The Alogi (ἄλογοι), also called Alogoi or Alogians, were a group of heterodox Christians in Asia Minor that flourished c. 200 CE, and taught that the Gospel of John and the Apocalypse of John (Book of Revelation) were not the work of the Apostle, but his adversary Cerinthus. What we know of them is derived from their doctrinal opponents, whose literature is extant, particularly St. Epiphanius of Salamis. It was Epiphanius who coined the name "Alogi" as a word play suggesting that they were both illogical (anti-logikos) and they were against the Christian doctrine of the Logos.  While Epiphanius does not specifically indicate the name of its founder, Dionysius Bar-Salibi, citing a lost work of Hippolytus (Capita Adversus Caium), writes in his commentary on the Apocalypse,Hippolytus the Roman says: A man appeared, named Caius, saying that the Gospel is not by John, nor the Apocalypse but that it is by Cerinthus the heretic.Cf. Eusebius, Ecclesiastical History, 3.28.2According to fourth century church historian Eusebius of Caesarea, Caius was a churchman of Rome who wrote during the time of Pope Zephyrinus, and had published a disputation with Proclus, a Montanist leader in Rome.

Beliefs 
“St. Epiphanius (Haer. LI) gives a long account of the party of heretics who arose after the Cataphrygians, Quartodecimans, and others, and who received neither the Gospel of St. John nor his Apocalypse.”; they instead attributed the two New Testament books to the Gnostic Cerinthus, who was actually an enemy of John the Apostle.

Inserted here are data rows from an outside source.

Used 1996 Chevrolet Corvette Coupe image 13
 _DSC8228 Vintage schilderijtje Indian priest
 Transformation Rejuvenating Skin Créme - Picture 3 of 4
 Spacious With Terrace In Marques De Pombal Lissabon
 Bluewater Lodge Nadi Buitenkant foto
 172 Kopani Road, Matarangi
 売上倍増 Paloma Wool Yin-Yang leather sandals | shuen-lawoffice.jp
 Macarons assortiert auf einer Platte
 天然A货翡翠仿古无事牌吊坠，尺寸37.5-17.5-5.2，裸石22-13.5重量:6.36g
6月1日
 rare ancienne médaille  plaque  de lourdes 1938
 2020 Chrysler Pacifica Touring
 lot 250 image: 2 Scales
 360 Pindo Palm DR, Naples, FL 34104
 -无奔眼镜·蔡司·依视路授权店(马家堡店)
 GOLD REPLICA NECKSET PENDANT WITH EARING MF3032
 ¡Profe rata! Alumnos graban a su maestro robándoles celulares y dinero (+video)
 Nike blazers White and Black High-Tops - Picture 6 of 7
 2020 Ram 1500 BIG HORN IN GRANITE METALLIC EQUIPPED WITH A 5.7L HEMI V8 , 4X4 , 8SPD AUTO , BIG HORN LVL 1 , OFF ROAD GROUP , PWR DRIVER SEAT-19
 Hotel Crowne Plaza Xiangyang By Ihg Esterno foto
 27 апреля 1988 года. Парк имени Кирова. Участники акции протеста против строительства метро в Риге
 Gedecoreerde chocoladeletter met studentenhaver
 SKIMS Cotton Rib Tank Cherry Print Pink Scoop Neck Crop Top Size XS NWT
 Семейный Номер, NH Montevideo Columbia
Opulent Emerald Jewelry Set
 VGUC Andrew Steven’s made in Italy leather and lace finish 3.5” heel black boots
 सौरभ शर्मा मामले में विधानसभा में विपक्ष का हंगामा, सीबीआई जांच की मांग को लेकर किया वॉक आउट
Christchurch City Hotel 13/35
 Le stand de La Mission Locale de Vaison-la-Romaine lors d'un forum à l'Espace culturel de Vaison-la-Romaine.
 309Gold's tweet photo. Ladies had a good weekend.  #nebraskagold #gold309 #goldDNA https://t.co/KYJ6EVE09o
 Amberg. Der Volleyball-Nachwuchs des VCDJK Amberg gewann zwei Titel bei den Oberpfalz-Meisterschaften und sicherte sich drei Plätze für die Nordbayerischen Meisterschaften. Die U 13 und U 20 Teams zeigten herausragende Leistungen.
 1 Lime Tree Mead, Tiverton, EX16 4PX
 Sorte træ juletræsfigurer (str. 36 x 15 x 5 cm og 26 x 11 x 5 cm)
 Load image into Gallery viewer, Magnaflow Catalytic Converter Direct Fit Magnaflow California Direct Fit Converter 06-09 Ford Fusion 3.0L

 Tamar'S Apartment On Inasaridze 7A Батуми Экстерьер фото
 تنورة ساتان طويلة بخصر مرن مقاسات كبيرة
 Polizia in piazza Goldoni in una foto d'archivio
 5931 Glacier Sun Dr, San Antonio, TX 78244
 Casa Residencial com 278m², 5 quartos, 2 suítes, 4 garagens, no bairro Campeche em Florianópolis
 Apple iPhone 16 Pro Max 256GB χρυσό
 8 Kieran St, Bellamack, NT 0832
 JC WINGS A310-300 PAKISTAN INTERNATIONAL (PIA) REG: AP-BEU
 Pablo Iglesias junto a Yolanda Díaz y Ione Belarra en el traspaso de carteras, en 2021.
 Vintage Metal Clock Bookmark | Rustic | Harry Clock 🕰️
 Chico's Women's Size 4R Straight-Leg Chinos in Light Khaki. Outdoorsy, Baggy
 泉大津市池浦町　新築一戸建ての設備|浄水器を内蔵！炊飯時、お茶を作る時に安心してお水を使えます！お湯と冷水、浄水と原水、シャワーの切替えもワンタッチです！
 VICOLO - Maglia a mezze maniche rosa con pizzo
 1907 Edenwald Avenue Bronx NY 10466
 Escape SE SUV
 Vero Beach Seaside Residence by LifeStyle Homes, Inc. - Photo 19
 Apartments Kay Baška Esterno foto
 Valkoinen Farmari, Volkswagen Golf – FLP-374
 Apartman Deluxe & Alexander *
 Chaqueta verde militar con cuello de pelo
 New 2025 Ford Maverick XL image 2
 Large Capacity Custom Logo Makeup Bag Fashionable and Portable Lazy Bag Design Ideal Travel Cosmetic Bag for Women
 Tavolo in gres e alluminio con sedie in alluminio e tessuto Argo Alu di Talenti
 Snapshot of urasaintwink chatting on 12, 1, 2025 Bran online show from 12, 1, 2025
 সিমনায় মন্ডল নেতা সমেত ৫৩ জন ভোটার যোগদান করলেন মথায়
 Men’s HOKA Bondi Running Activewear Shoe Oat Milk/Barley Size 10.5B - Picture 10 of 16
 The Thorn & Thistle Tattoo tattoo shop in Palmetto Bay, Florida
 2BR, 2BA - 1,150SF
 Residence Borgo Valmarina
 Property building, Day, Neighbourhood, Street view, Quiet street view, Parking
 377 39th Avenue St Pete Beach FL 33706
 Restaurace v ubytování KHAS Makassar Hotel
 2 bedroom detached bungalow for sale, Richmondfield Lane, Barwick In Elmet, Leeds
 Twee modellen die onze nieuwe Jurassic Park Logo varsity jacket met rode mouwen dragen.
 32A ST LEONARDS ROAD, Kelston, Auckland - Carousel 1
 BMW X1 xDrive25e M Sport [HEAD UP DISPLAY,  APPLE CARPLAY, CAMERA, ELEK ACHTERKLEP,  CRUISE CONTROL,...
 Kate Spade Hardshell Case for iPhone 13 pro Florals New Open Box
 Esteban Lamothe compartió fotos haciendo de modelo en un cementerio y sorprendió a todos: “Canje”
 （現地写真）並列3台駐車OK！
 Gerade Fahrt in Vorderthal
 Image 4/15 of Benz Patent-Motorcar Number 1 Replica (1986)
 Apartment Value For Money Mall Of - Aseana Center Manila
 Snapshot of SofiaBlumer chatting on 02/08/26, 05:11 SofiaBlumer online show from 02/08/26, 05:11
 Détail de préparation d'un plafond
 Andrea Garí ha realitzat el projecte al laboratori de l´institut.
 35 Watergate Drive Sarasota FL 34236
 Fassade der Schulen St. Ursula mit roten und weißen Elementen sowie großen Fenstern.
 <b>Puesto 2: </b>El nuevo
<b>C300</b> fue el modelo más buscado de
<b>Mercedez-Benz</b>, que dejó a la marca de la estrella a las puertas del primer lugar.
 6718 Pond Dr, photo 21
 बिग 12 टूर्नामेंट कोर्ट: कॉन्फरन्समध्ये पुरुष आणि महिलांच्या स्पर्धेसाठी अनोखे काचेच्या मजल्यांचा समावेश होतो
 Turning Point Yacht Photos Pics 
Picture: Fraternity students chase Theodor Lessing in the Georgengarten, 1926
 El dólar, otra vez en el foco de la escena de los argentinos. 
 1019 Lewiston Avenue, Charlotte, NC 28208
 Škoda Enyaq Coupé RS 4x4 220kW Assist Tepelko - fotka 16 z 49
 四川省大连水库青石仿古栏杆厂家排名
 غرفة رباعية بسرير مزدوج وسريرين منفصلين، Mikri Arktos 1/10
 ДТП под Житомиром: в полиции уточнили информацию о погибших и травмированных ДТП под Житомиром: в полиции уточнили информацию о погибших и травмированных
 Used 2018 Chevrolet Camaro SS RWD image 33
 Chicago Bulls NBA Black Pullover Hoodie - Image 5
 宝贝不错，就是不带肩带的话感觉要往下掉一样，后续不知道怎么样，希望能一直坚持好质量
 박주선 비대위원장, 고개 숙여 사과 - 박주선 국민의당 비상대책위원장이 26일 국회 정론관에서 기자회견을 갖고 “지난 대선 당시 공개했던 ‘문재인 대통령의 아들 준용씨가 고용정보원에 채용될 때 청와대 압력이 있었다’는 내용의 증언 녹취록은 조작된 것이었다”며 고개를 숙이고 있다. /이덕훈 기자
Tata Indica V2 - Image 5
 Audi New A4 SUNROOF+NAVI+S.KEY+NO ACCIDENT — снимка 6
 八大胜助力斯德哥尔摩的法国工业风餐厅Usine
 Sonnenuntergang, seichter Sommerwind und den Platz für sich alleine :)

Regarding their beliefs, Epiphanius asserts that the Alogians denied the continuation of spiritual gifts in the church in opposition to the Montanists. They explicitly deny the Logos doctrine in John chapter 1 and they deny Johannine authorship by comparing his Gospel with the synoptic Gospels. Their methodology can be seen in the surviving fragments of Hippolytus of Rome's refutation, Capita Adversus Caium, preserved in Bar-Salibi's Commentary on the Apocalypse. Their comparative method was considered very foolish in Epiphanius’ opinion who derided them as "without reason".  Syriacist John Gwynn, who published these fragments in English, likewise indicates that, "The objections of Caius are . . . those of a somewhat captious critic, and indicates little breadth of scriptural learning or of eschatological conceptions".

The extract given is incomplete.